*Aim of the exercise*:
All of the records below are to be given again word for word, with the pictures removed.

□ □ □ □

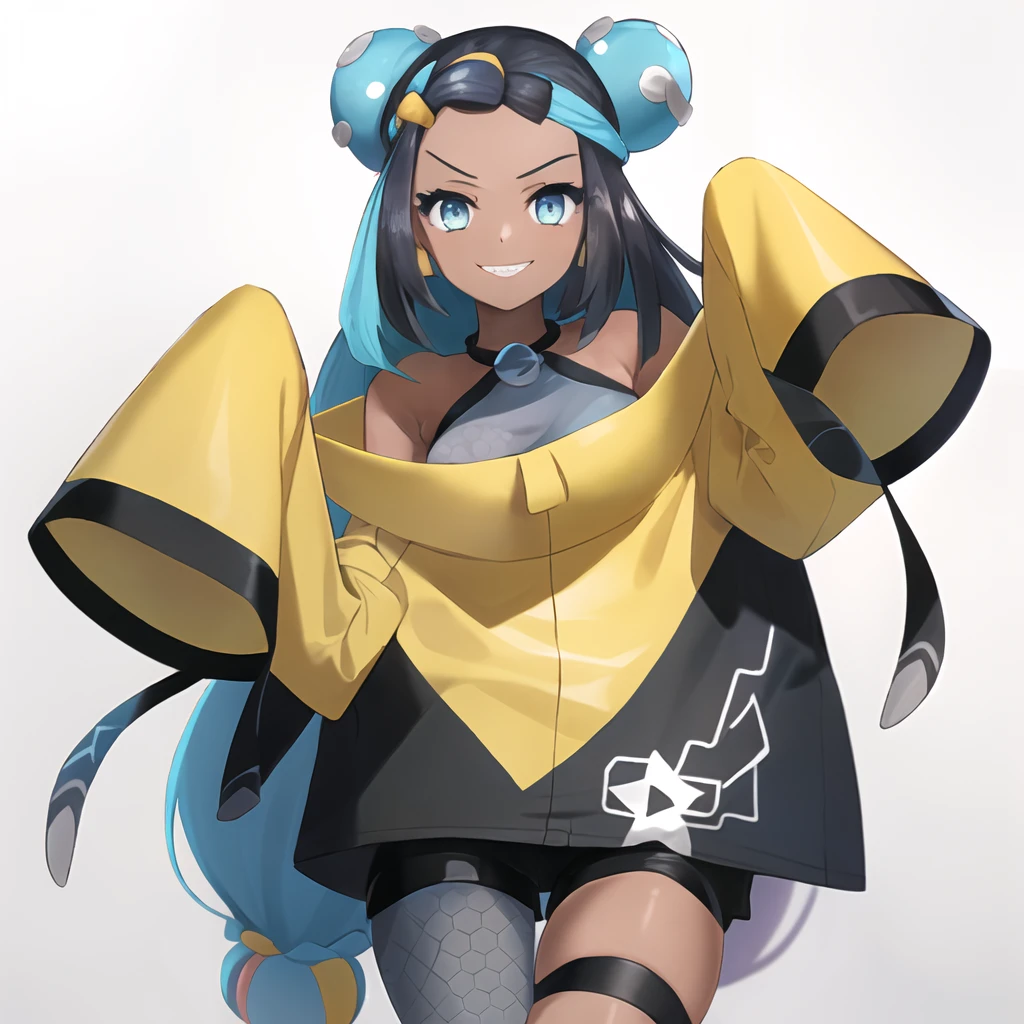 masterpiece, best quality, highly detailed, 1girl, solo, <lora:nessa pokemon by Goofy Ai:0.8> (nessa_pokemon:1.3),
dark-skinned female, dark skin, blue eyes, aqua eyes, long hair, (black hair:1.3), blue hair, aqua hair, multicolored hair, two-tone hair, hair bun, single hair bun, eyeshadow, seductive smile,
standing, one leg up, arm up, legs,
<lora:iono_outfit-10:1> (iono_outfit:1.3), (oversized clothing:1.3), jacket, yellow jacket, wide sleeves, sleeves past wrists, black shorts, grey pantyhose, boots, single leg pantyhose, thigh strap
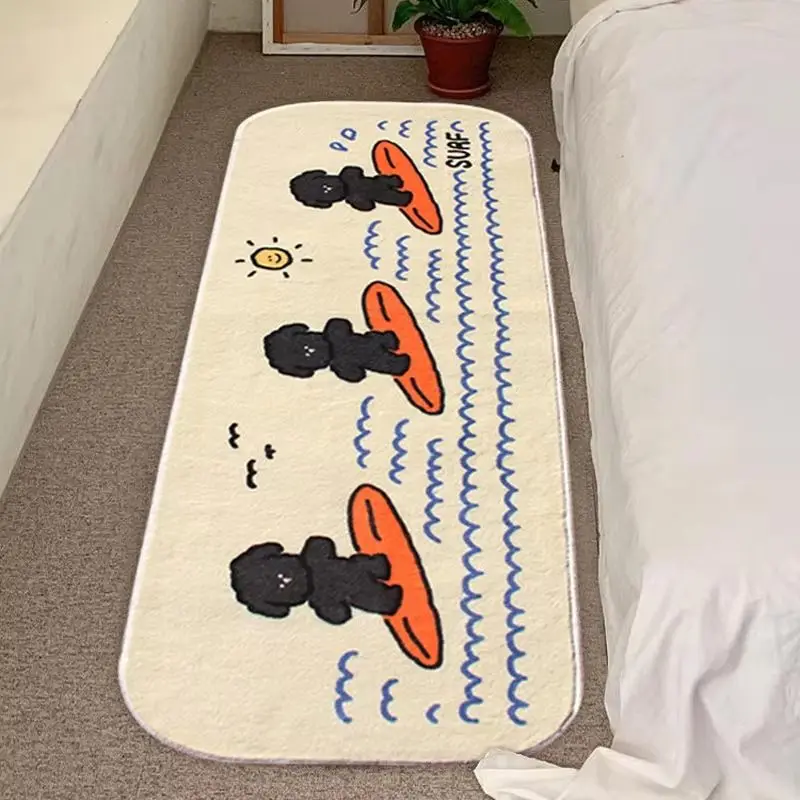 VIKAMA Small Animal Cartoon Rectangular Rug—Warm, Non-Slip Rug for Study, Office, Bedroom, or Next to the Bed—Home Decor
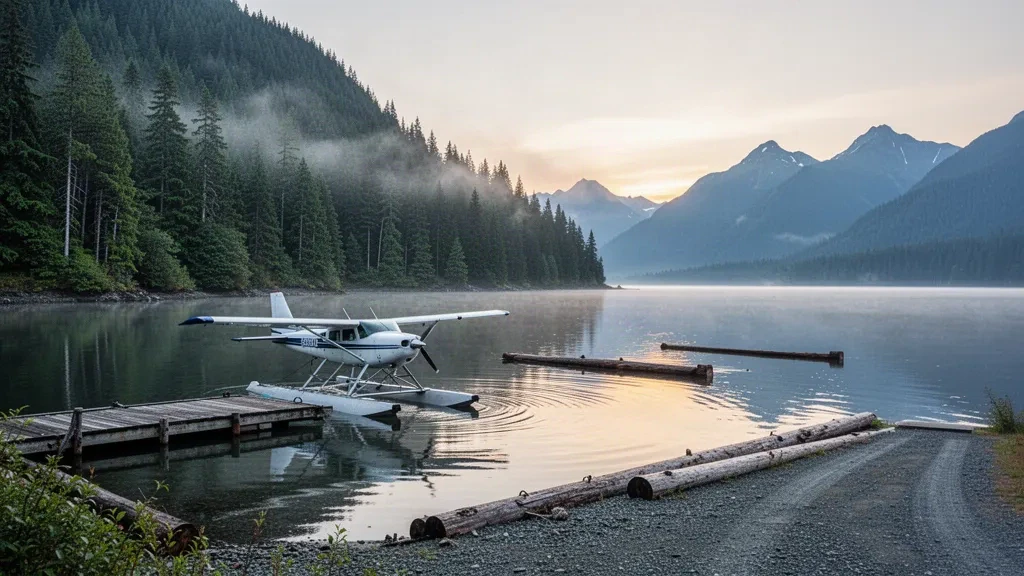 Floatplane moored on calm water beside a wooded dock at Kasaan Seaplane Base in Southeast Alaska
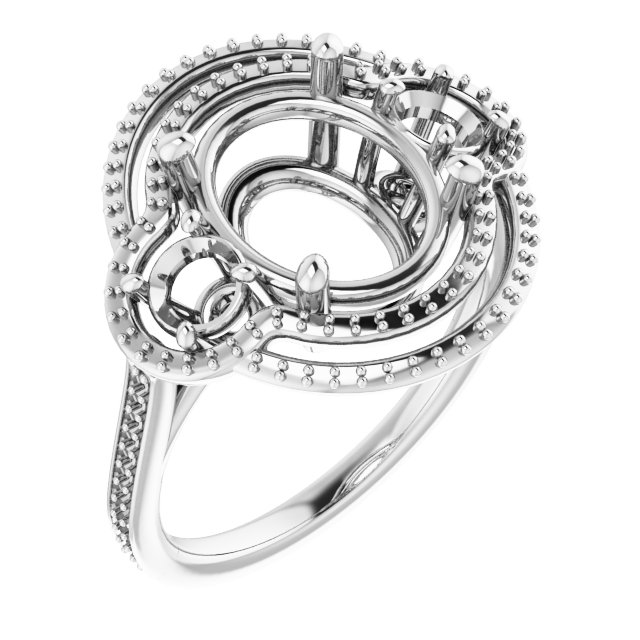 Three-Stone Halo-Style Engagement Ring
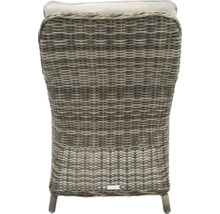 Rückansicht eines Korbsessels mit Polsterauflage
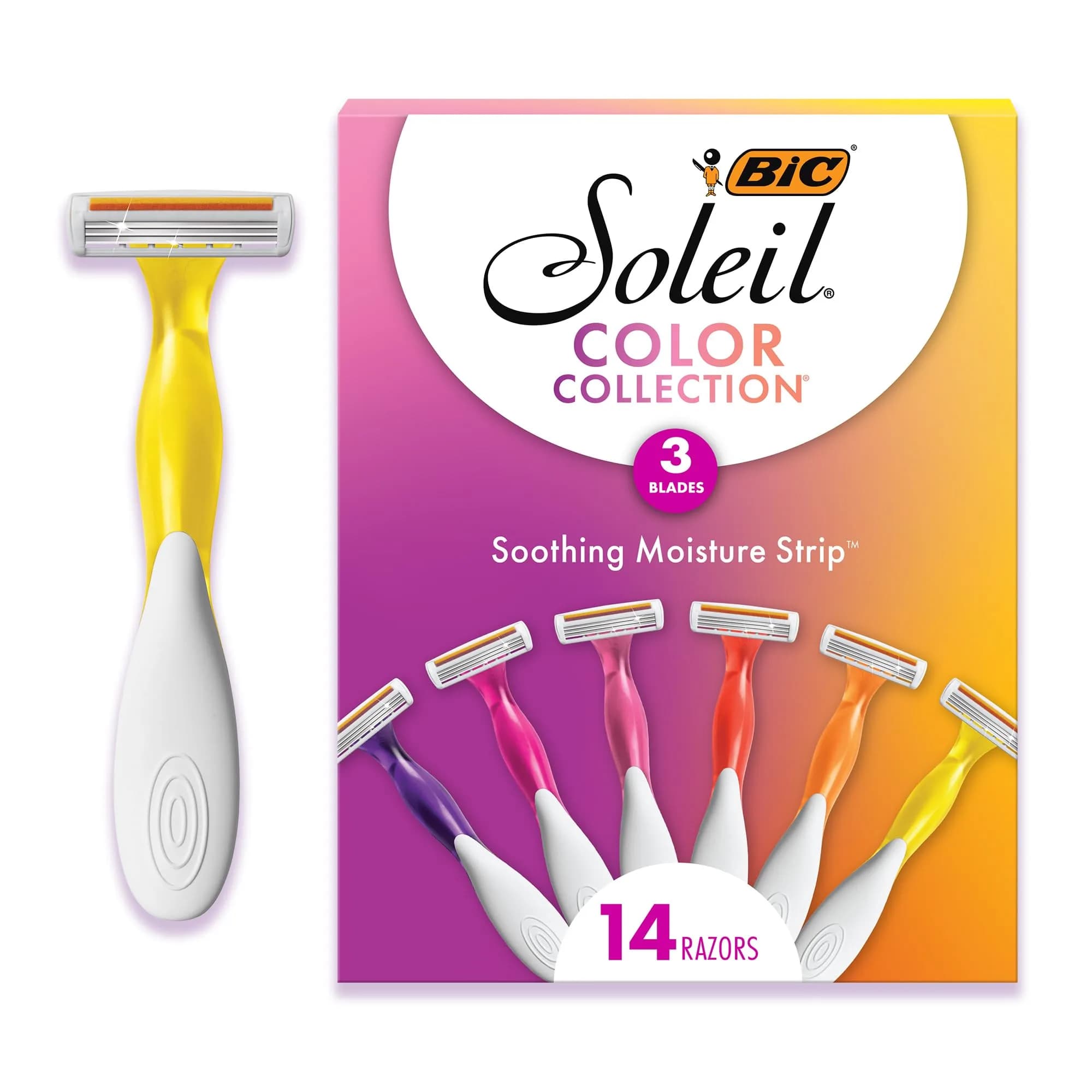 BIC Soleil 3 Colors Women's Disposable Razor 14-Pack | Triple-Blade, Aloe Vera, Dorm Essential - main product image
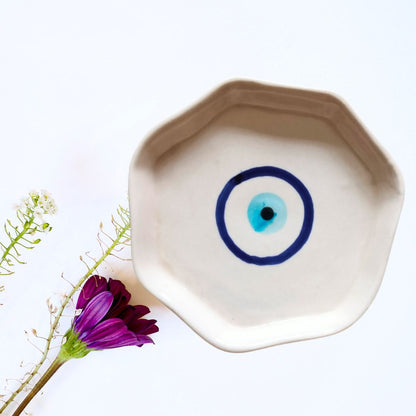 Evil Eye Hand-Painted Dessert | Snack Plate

□ □ □ □

*Solution for this problem*:
 masterpiece, best quality, highly detailed, 1girl, solo, <lora:nessa pokemon by Goofy Ai:0.8> (nessa_pokemon:1.3),
dark-skinned female, dark skin, blue eyes, aqua eyes, long hair, (black hair:1.3), blue hair, aqua hair, multicolored hair, two-tone hair, hair bun, single hair bun, eyeshadow, seductive smile,
standing, one leg up, arm up, legs,
<lora:iono_outfit-10:1> (iono_outfit:1.3), (oversized clothing:1.3), jacket, yellow jacket, wide sleeves, sleeves past wrists, black shorts, grey pantyhose, boots, single leg pantyhose, thigh strap
 VIKAMA Small Animal Cartoon Rectangular Rug—Warm, Non-Slip Rug for Study, Office, Bedroom, or Next to the Bed—Home Decor
 Floatplane moored on calm water beside a wooded dock at Kasaan Seaplane Base in Southeast Alaska
 Three-Stone Halo-Style Engagement Ring
 Rückansicht eines Korbsessels mit Polsterauflage
 BIC Soleil 3 Colors Women's Disposable Razor 14-Pack | Triple-Blade, Aloe Vera, Dorm Essential - main product image
 Evil Eye Hand-Painted Dessert | Snack Plate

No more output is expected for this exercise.